Goodwill and Other Intangible Assets

Goodwill is the purchase consideration of an acquired business in excess of the aggregate fair value of the identified net assets acquired. The Company allocates goodwill to the reporting unit(s) (generally defined as an operating segment or one level below an operating segment for which financial information is available and reviewed regularly by management) that are expected to benefit from the synergies of the business combination.

The goodwill of each reporting unit is reviewed for impairment annually or whenever events or circumstances indicate that it is more likely than not that the estimated fair value of a reporting unit is below its carrying value. The Company’s annual impairment testing is completed in the fourth quarter. Impairment exists whenever the carrying value of goodwill exceeds its estimated fair value. Adverse changes in impairment indicators such as lower than forecast financial performance, increased competition, increased regulatory oversight, or unplanned changes in operations could result in impairment.
Intangible assets with a defined life are amortized over their useful lives in a manner that best reflects their economic benefit, which may include straight-line or accelerated methods of amortization. Intangible assets are reviewed for impairment quarterly and whenever events or changes in circumstances indicate that the carrying amount of such assets may not be recoverable and its carrying amount exceeds its fair value. The Company does not have indefinite-lived intangible assets other than goodwill.

Adoption of New Accounting Standards

The Company did not adopt any new accounting standards during the nine month period ended September 30, 2021.

New Accounting Standards Not Yet Adopted

In March 2020, the FASB issued ASU 2020-04, Reference Rate Reform (Topic 848): Facilitation of the Effects of Reference Rate Reform on Financial Reporting, which, if certain criteria are met, provides optional expedients and exceptions for applying generally accepted accounting principles to transactions affected by reference rate reform.
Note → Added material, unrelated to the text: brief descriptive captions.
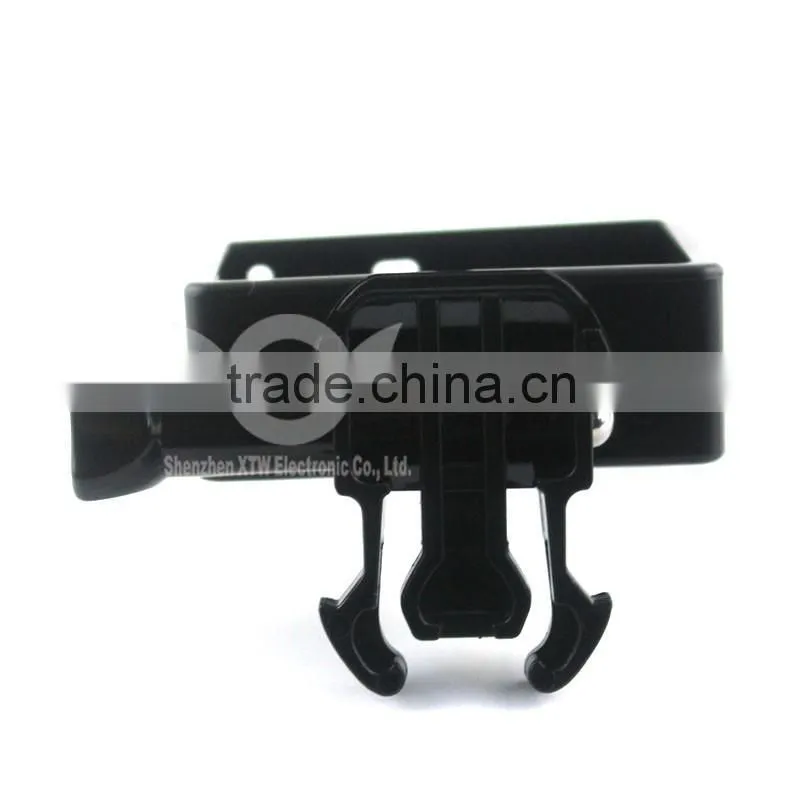 Go pro Accessories gopro Frame Mount for Gopro Hero4/3+/3, with Assorted Mounting Hardware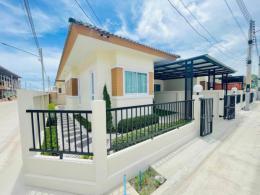 0086B ขายบ้านทาวน์โฮม (อมตะ-พานทอง) ติดอบต.บางนาง ใกล้เฟส 2-8 0086B ขายบ้านทาวน์โฮม (อมตะ-พานทอง) ติดอบต.บางนาง ใกล้เฟส 2-8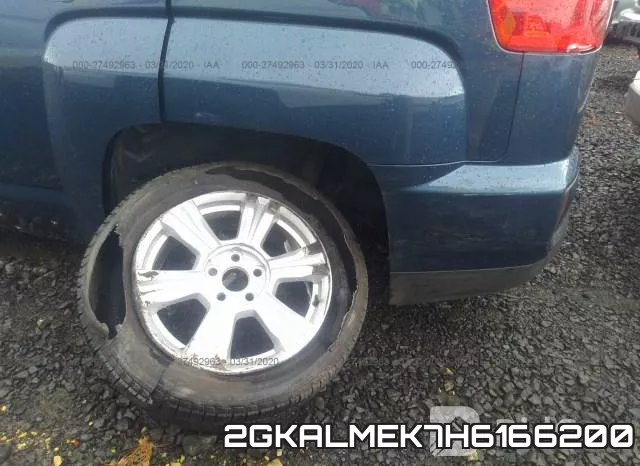 2GKALMEK7H6166200_6.webp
These transactions include contract modifications, hedging relationships, and the sale or transfer of debt securities classified as held-to-maturity. The provisions of the new standard may be adopted as of the beginning of the reporting period when the election is made until December 31, 2022. The Company is evaluating the impact this ASU will have on its financial position, results of operations, cash flows, and disclosures. The Company has not elected an adoption date.
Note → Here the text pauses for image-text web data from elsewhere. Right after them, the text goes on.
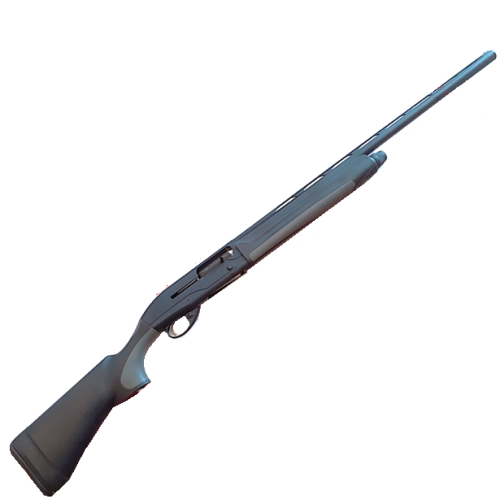 Beretta A391 EXTREMA 2 - 12/76, 28"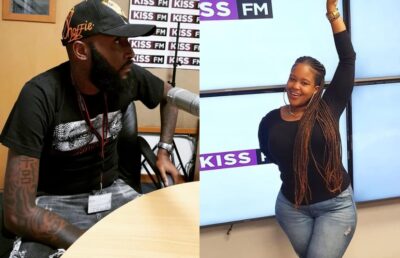 Anto Neosoul just brought back Anto Live 4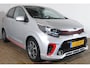 Kia Picanto 1.0 MPi GT-Line Ed.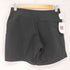 ザノースフェイス THE NORTH FACE VERB DRY LIGHT SHORT メンズ JPN:S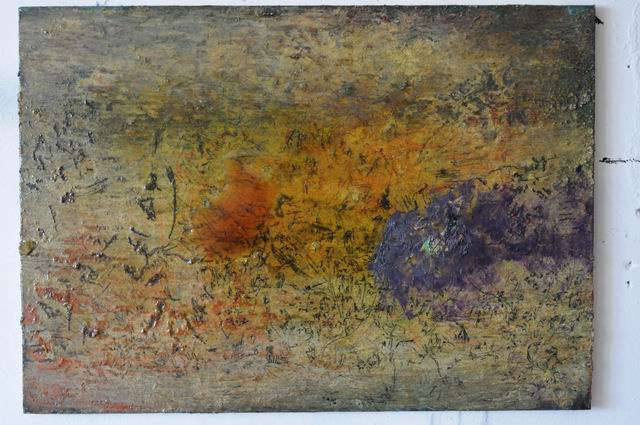 Resize of andreea albani - atelier - foto lucian muntean 20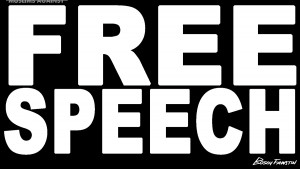 Email This BlogThis! Share to Twitter Share to Facebook Share to ...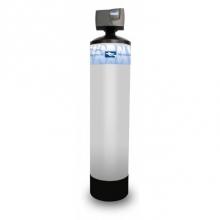 Environmental Water Systems PRESED-1354 - PRESED-1354 Plumbing Filters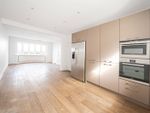 Thumbnail to rent in Hampstead Gardens, Child's Hill, London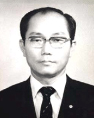 심성식 사진
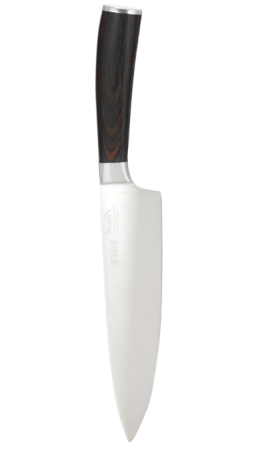 Нож поварской TR-2046 Taller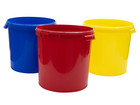 Betzold Abfalleimer 35 l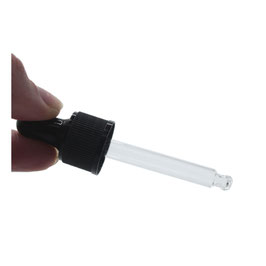 Tropfpipette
In August 2020, the FASB issued ASU 2020-06, Debt with Conversion and Other Options (Subtopic 470-20) and Derivatives and Hedging-Contracts in Entity’s Own Equity (Subtopic 815-40): Accounting for Convertible Instruments and Contracts in an Entity’s Own Equity, which simplifies the accounting for certain financial instruments with characteristics of liabilities and equity including convertible instruments and contracts in an entity’s own equity. The guidance allows for either full or modified retrospective adoption for fiscal periods beginning after December 15, 2021 with early adoption permitted for fiscal periods beginning after December 15, 2020. The Company is evaluating the impact this ASU will have on its financial position, results of operations, cash flows, and disclosures.